Published in final edited form as: Curr Rheumatol Rep. 2017 Apr;19(4):18. doi: 10.1007/s11926-017-0645-9

Chronic Recurrent Multifocal Osteomyelitis and Related Diseases – Update on Pathogenesis

Allison J Cox 1, Yongdong Zhao 2, Polly J Ferguson 1,3,*
PMCID: PMC5545929  NIHMSID: NIHMS880386  PMID: 28361334

Abstract

Purpose of the review

We focus on recent advances in the understanding of the genetic, molecular, immunologic and environmental factors implicated in the pathogenesis of autoinflammatory bone diseases including the syndromic and non-syndromic forms of chronic recurrent multifocal osteomyelitis (CRMO).

Recent findings

Evidence implicating the IL-1 pathway in the pathogenesis of the Mendelian forms of CRMO is growing. LIPIN2 can regulate the NLRP3 inflammasome by affecting P2×7 receptor activation and intracellular cholesterol can modulate P2×7R currents. Work in a mouse model of CRMO demonstrates that dietary manipulation can alter the microbiome and protect these mice from the development of sterile osteomyelitis in vivo.

Summary

Although the genetic and immunologic basis of non-syndromic CRMO remains only partially understood, the IL-1 pathway is central to the pathogenesis in the syndromic autoinflammatory bone disorders. Recent work implicates lipids and the microbiome in sterile osteomyelitis.

Introduction

Sterile bone inflammation is the central phenotype of the autoinflammatory bone disorders which include chronic recurrent multifocal osteomyelitis (CRMO), Majeed syndrome, and the deficiency of the interleukin-1 receptor antagonist (DIRA). In addition, there are both murine and canine models of the disease. These diseases predominantly affect children but can also occur in adults. CRMO is the most common pediatric autoinflammatory disorder, whereas in adults, the diagnosis of synovitis, acne, pustulosis, hyperostosis, osteitis (SAPHO) syndrome is used. It is not clear if CRMO and SAPHO syndrome are the same disorder with slight phenotype variability depending on age (i.e. just nomenclature differences in adult and pediatric medicine) or two distinct disorders. Further complicating nomenclature is that the term CRMO and chronic non-bacterial osteomyelitis (CNO) are both used in the literature fairly interchangeably. In this manuscript, we will use the term CRMO and we will focus on recent advances in our understanding of sterile osteomyelitis.

CRMO – Clinical Overview

The hallmark of CRMO and all the autoinflammatory bone disorders is sterile osteomyelitis affecting one or more bones. It may have a chronic unremitting course but more often there is relapsing and remitting inflammation (1, 2). There is a strong association of CRMO with a personal or family history of inflammatory disorders of the skin, intestinal track and the joints suggesting shared disease pathogenesis. Psoriasis vulgaris, palmar-plantar pustulosis, Crohn disease and inflammatory arthritis are the most commonly co-morbidities but other associations have also been reported (28). There are reports of familial occurrence of CRMO but this is unusual (9, 10).

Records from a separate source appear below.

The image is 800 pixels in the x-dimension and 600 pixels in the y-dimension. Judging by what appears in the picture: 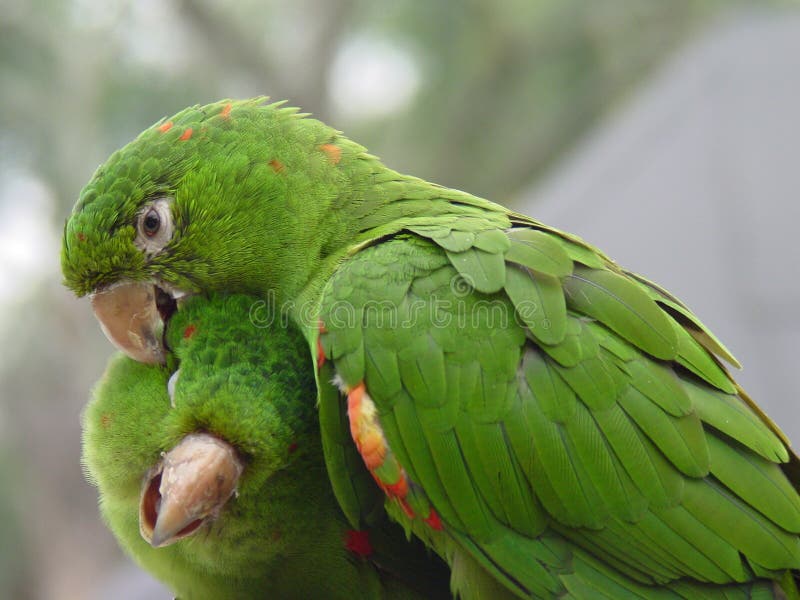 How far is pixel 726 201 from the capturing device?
514cm

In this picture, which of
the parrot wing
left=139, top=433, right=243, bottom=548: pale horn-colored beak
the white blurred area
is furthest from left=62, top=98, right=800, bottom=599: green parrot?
the white blurred area

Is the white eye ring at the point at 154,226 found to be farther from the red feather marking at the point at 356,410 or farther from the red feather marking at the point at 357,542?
the red feather marking at the point at 357,542

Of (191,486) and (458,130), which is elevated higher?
(458,130)

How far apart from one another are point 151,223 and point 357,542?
0.82m

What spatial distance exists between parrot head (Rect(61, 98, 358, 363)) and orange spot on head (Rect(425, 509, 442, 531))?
2.00ft

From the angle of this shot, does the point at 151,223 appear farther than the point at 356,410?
Yes

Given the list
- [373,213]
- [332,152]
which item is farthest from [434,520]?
[332,152]

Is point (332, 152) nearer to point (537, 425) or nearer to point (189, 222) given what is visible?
point (189, 222)

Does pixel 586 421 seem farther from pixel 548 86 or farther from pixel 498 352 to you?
pixel 548 86

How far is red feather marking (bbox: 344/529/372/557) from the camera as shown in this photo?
5.58 ft

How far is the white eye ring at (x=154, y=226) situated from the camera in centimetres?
182

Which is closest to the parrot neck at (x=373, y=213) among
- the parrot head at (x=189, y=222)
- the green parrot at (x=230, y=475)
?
the parrot head at (x=189, y=222)

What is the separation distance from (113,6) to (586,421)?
749 cm

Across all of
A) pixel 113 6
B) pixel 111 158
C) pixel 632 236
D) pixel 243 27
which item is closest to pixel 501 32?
pixel 243 27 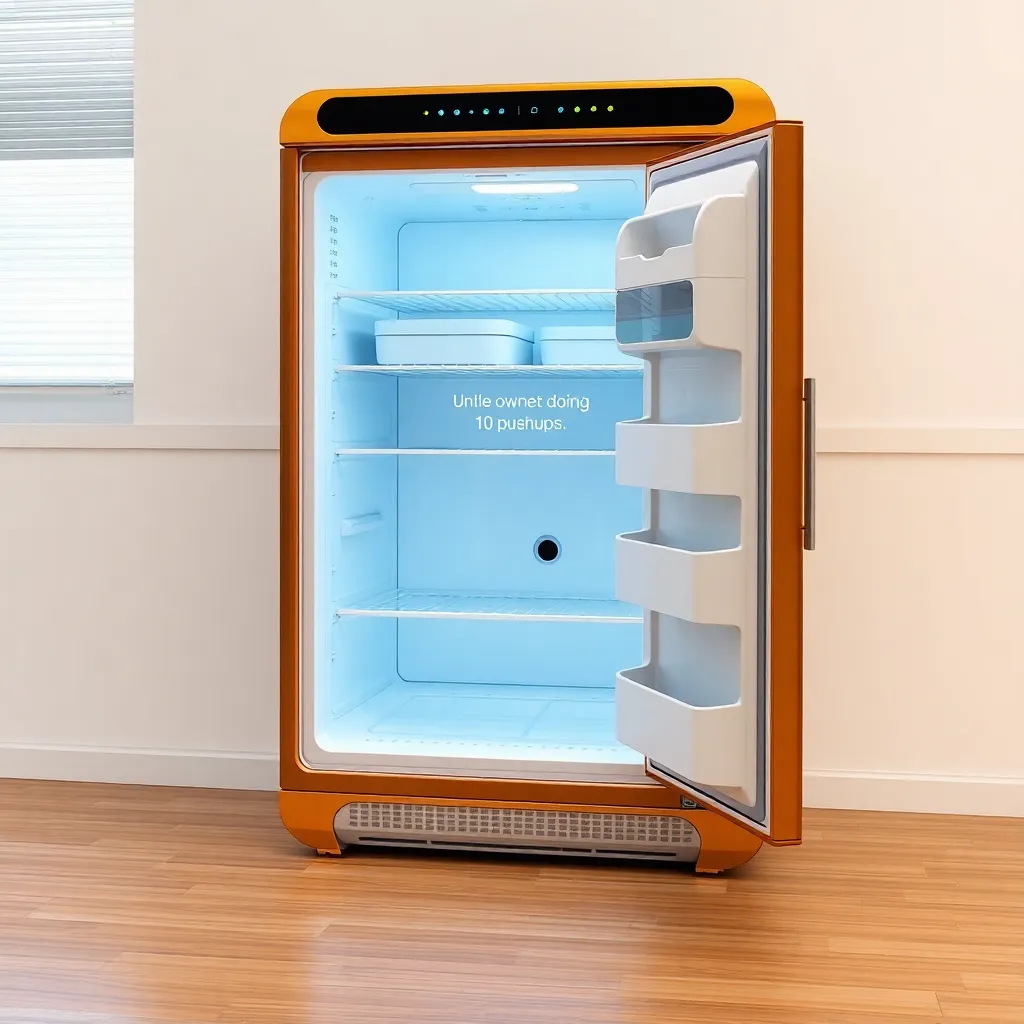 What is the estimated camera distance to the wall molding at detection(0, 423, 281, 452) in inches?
122

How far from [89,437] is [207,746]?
86 cm

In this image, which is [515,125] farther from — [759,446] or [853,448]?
[853,448]

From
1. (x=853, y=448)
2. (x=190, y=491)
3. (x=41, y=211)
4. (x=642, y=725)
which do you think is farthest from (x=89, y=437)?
(x=853, y=448)

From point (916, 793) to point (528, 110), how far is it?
1812mm

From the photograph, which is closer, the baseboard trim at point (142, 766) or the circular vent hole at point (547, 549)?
the circular vent hole at point (547, 549)

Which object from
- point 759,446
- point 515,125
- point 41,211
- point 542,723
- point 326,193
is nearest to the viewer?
point 759,446

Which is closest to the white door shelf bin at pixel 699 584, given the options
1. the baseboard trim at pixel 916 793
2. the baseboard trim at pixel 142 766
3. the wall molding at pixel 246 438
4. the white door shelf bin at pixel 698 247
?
the white door shelf bin at pixel 698 247

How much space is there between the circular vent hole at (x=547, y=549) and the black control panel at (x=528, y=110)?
1.03 metres

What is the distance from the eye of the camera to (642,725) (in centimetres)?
228

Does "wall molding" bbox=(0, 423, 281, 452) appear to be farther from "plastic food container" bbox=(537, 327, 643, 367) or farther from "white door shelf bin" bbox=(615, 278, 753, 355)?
"white door shelf bin" bbox=(615, 278, 753, 355)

Immune dysregulation occurs in CRMO but unlike syndromic forms of CRMO, the primary pathway that is affected remains unknown. Scianaro et al. described significantly higher expression of Apoptosis-associated Speck-like protein (ASC), caspase-1 (CASP-1), and IL-1β expression at the mRNA level in peripheral mononuclear blood cells from children with active disease than healthy children and those with inactive disease (11). Hofmann et al. reported significantly less IL-10 production by monocytes in response to TLR 4 activation by lipopolysaccrides (LPS). This down regulation likely occurs through attenuated ERK 1/2 activation, reduced expression of Sp-1, which is a transcription factor for the IL-10 promoter, and impaired phosphorylation of histone H3 serine 10 (H3S10) in children with CRMO compared to healthy children or children with juvenile idiopathic arthritis (12, 13). On the contrary, production of tumor necrosis factor (TNF)-alpha by monocytes in children with CRMO was not negatively affected suggesting that an imbalance between anti- and pro-inflammatory cytokines may contribute to the pathogenesis of CRMO. Furthermore, serum concentrations of IL-6, IL-12, RANTES, MCP-1, and sIL-2R were significantly higher in children with active CRMO than in healthy controls (14). When children with CRMO achieved complete remission, sIL-2R and IL-6 were significantly decreased, suggesting an important role for pro-inflammatory cytokines in driving active inflammation in bones from children with CRMO. Treatments targeting these pathways have not been reported in CRMO. However, the serum cytokines and chemokines described above have been proposed as biomarkers to monitor disease activity in CRMO and will need further validation through prospective studies.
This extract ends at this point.